• Information supplied
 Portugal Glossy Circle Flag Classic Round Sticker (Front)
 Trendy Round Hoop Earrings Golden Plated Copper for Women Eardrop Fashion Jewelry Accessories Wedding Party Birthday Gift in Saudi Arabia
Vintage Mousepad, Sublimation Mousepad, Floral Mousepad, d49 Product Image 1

• Exercise details
Copy, from the material, each line that holds the string "Round".

• Solution
 Portugal Glossy Circle Flag Classic Round Sticker (Front)
 Trendy Round Hoop Earrings Golden Plated Copper for Women Eardrop Fashion Jewelry Accessories Wedding Party Birthday Gift in Saudi Arabia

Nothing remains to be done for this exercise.